Jina AI: Your Search Foundation, Supercharged!

jina-embeddings-v5-omni-small-clustering-GGUF: Clustering-Targeted Omni Embedding (Small) — GGUF

ArXiv | Blog

Average score vs. parameter count for open-weight omni embedding models

Average score vs. parameter count across image (MIEB-Lite), video (MMEB-V), and audio (MAEB) benchmarks — jina-v5-omni-nano and jina-v5-omni-small define the open-weight frontier (Table 1 in the ArXiv report).

Architecture

Model Overview

GGUF + multimodal-projector build of jinaai/jina-embeddings-v5-omni-small-clustering for llama.cpp. Accepts text, images, video, and audio and produces 1024-dim embeddings in the same vector space as the torch reference and as jinaai/jina-embeddings-v5-text-small-clustering at the same task — index with text and query with any modality, no reindexing.

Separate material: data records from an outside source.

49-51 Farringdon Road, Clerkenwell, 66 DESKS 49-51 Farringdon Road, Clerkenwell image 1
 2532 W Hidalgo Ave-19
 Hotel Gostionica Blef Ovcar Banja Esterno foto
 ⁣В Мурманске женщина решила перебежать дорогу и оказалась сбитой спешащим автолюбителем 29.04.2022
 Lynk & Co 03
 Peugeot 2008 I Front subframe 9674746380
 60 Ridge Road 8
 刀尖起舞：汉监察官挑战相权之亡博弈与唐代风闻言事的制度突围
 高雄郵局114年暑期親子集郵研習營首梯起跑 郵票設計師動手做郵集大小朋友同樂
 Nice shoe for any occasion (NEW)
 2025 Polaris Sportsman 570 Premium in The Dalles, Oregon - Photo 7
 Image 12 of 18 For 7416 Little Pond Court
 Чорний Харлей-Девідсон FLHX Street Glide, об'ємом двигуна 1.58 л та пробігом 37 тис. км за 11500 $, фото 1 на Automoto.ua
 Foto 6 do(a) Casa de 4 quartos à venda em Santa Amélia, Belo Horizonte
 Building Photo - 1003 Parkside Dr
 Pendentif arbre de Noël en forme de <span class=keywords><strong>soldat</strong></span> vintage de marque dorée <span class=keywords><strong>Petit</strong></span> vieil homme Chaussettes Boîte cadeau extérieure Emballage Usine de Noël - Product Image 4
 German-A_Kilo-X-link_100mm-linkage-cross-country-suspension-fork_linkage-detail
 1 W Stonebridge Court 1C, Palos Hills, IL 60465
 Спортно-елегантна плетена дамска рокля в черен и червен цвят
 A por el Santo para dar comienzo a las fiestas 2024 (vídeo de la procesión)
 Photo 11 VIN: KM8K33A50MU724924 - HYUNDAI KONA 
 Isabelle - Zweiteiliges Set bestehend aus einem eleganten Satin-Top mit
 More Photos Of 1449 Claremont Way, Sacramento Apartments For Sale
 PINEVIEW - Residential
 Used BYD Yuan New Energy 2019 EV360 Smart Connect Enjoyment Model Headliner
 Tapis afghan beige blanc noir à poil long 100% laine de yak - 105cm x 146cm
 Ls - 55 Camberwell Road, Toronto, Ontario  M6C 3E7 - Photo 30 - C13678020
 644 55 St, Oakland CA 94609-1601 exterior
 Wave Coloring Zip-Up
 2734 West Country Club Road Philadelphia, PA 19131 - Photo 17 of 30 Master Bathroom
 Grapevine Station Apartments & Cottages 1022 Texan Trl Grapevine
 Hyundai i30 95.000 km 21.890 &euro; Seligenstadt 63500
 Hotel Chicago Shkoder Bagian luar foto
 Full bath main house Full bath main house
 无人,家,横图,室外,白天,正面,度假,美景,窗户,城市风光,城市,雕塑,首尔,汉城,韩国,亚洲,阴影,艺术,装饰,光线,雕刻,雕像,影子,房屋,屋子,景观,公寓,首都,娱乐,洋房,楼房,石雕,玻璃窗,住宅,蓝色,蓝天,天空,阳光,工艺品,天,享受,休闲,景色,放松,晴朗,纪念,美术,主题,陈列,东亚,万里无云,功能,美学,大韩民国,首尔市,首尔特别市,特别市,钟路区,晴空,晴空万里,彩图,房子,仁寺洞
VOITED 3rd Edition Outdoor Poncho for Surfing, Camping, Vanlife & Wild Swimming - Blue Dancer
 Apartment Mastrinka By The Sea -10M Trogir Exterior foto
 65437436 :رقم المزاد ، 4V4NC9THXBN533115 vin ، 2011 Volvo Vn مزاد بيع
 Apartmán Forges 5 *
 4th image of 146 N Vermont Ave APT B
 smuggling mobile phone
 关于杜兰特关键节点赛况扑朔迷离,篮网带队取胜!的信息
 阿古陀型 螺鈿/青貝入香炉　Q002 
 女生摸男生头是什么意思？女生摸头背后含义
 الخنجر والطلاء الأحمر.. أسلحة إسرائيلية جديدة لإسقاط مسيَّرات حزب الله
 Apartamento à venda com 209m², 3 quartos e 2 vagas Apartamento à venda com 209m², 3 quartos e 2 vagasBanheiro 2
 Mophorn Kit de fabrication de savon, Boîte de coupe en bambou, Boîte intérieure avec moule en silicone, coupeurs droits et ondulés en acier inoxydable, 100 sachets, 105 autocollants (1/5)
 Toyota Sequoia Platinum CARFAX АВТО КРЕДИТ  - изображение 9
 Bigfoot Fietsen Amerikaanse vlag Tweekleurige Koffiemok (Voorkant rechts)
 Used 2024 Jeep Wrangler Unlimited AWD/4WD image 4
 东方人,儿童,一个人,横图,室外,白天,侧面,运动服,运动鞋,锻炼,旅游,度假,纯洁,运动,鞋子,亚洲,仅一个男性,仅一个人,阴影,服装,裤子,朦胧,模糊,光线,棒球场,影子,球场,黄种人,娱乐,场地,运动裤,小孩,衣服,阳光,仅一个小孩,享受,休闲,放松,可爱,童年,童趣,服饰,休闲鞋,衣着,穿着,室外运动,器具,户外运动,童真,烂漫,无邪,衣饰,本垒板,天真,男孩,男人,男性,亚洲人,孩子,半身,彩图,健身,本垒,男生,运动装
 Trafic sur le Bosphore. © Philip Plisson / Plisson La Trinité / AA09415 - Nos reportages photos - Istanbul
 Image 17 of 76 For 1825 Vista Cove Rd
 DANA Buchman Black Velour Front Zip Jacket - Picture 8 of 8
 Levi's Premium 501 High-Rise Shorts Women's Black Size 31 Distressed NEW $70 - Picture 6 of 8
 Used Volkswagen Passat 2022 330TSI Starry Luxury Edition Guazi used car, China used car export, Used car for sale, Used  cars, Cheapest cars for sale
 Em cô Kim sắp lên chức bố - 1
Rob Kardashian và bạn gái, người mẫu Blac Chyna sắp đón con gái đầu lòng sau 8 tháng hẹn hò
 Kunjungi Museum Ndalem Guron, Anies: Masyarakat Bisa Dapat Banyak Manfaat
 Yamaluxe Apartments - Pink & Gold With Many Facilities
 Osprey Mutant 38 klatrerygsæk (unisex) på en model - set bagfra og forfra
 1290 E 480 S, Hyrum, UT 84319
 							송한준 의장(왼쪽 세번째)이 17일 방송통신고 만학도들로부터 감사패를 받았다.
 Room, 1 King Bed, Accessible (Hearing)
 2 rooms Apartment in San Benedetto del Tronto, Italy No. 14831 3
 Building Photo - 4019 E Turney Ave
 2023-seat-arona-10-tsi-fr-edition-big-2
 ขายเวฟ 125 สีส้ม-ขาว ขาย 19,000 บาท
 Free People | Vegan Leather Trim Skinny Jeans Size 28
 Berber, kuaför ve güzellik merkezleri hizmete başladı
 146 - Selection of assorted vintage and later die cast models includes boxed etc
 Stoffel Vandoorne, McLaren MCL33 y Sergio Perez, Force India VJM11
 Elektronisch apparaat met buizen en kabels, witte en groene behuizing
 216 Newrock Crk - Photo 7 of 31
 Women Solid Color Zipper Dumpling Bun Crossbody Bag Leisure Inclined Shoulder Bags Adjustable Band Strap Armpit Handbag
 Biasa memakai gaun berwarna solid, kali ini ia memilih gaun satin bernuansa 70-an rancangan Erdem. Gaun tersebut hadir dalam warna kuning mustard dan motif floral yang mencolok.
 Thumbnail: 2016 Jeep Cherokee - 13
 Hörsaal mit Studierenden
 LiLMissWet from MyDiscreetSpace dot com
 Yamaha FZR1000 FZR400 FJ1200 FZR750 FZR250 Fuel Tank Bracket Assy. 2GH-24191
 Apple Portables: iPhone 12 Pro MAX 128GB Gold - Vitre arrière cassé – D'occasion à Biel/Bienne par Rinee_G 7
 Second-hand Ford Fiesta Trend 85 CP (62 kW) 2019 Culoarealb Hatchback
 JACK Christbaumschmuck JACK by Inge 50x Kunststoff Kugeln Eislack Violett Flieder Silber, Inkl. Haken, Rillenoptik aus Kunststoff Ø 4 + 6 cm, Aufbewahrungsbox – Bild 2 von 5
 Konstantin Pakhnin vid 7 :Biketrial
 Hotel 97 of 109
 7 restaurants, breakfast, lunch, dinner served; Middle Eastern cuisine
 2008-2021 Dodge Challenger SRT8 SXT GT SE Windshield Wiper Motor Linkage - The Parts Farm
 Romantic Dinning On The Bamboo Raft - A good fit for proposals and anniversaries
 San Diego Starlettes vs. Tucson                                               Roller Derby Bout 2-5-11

For a more compact alternative, see jinaai/jina-embeddings-v5-omni-nano-clustering-GGUF.

This is the clustering-targeted variant of the jina-embeddings-v5-omni-small GGUF family. The umbrella with all GGUF variants and cross-repo benchmarks is jina-ai/jina-embeddings-v5-omni-gguf.

Feature Value
Parameters ~1.56B (text + vision + audio towers)
Embedding Dimension 1024
Supported Tasks clustering
Max Sequence Length 32768
Pooling Strategy Last-token
Supported Inputs text, image, video, audio
Supported File Types images: .jpg, .jpeg, .png, .gif, .webp, .bmp, .tif, .tiff, .avif, .heic, .svg; video: .mp4, .avi, .mov, .mkv, .webm, .flv, .wmv; audio: .wav, .mp3, .flac, .ogg, .m4a, .opus; documents: .pdf
Matryoshka Dimensions 32, 64, 128, 256, 512, 768, 1024
Quantization text: F16 + 13 imatrix-calibrated int-quant levels; mmprojs: F16

Cross-repo docs: benchmarks (NDCG@5 on NanoBEIR, tokens/sec, peak VRAM, file size), the full per-variant numerical-parity tables, and runtime caveats live in the v5-omni-gguf umbrella.

Via Elastic Inference Service

The fastest way to use v5-omni in production. Elastic Inference Service (EIS) provides managed embedding inference with built-in scaling, so you can generate embeddings directly within your Elastic deployment.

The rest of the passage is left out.